> [MATERIAL FOR THIS TASK]
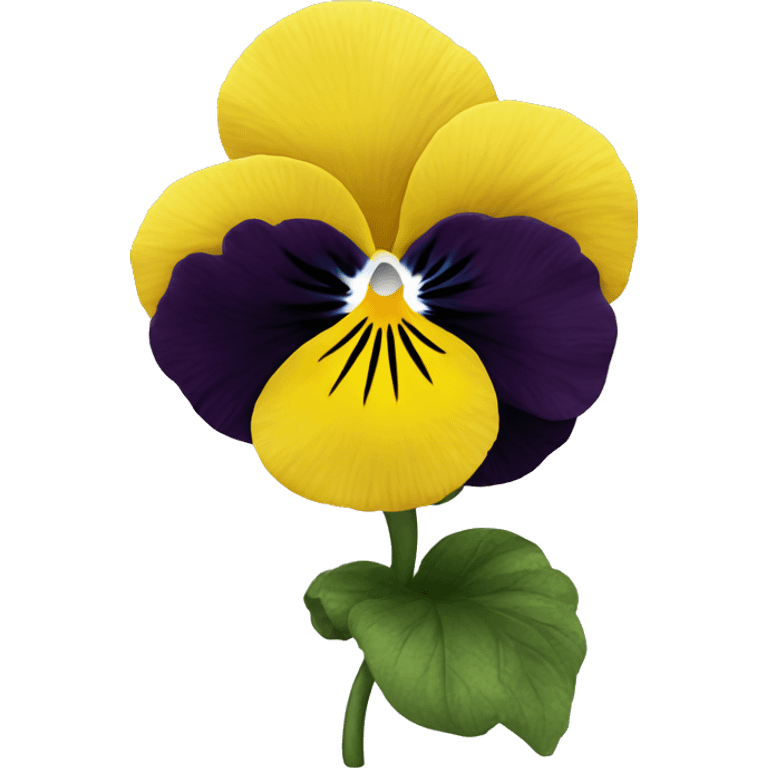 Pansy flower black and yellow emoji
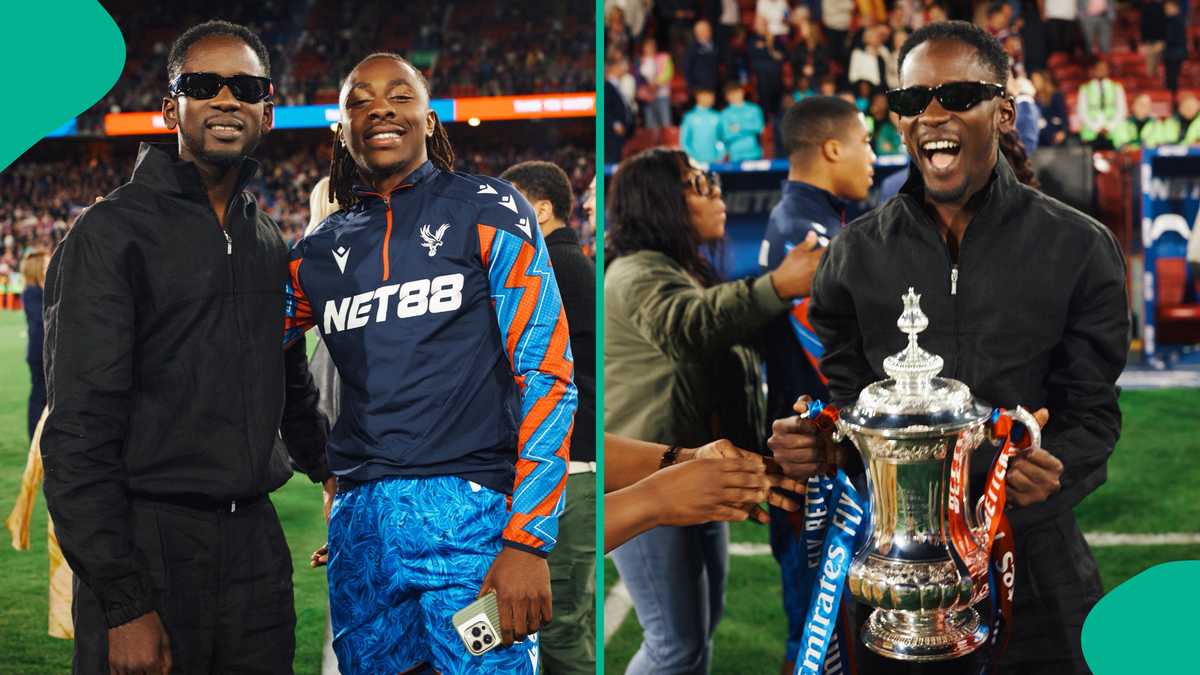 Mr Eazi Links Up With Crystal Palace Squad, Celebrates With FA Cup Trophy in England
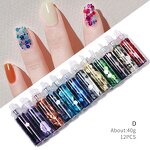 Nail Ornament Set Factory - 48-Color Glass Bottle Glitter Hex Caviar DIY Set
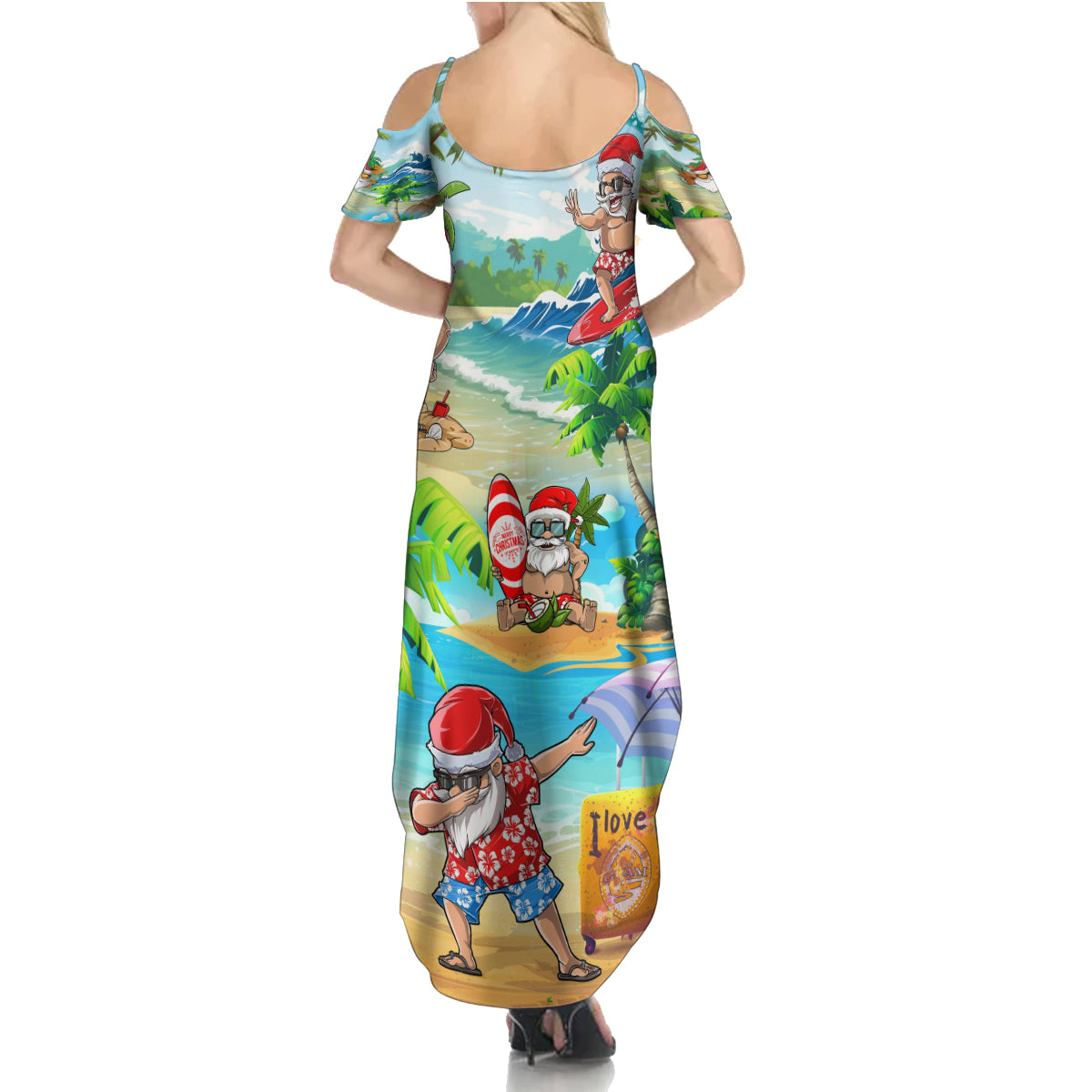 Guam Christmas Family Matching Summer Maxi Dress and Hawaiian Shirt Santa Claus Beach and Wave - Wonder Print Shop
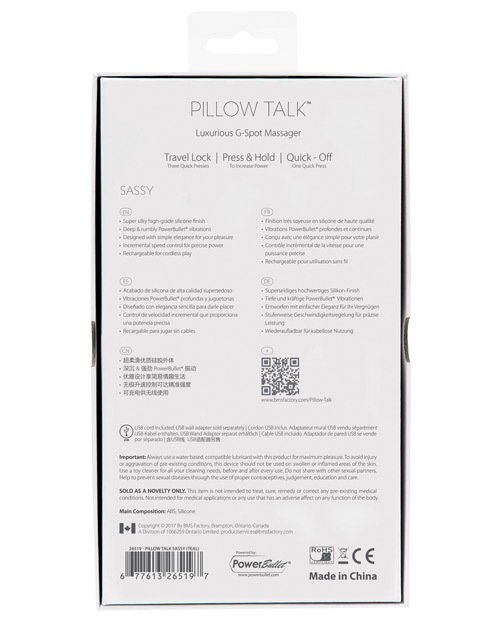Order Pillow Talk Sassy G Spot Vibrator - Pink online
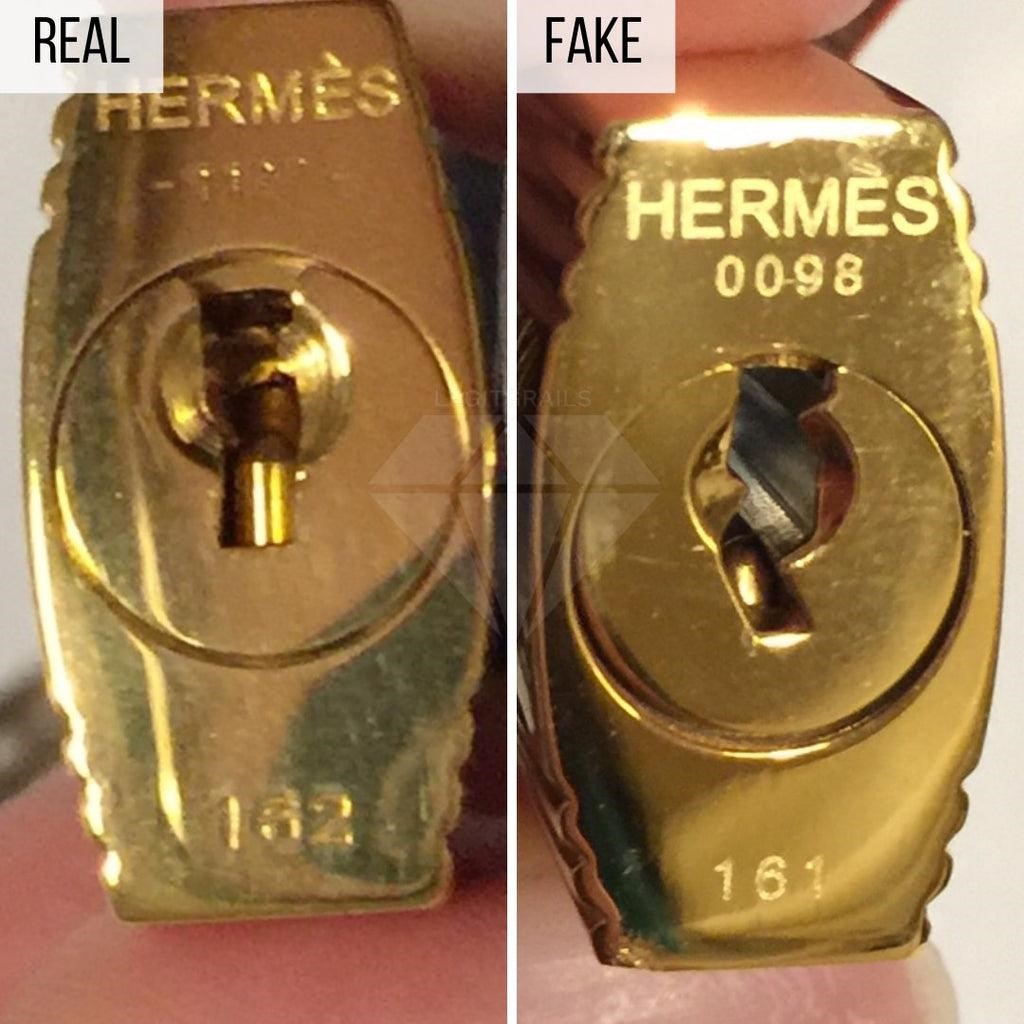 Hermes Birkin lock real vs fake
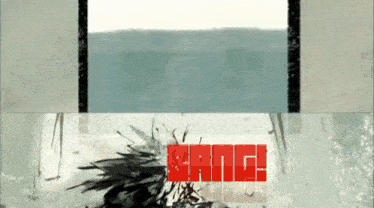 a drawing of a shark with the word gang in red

> [TASK OBJECTIVE] The expected output is every line from the line where "Hermes Birkin lock real vs fake" appears to the final line of the material, unchanged and with no pictures.

> [RESPONSE TO THE EXERCISE]
 Hermes Birkin lock real vs fake
 a drawing of a shark with the word gang in red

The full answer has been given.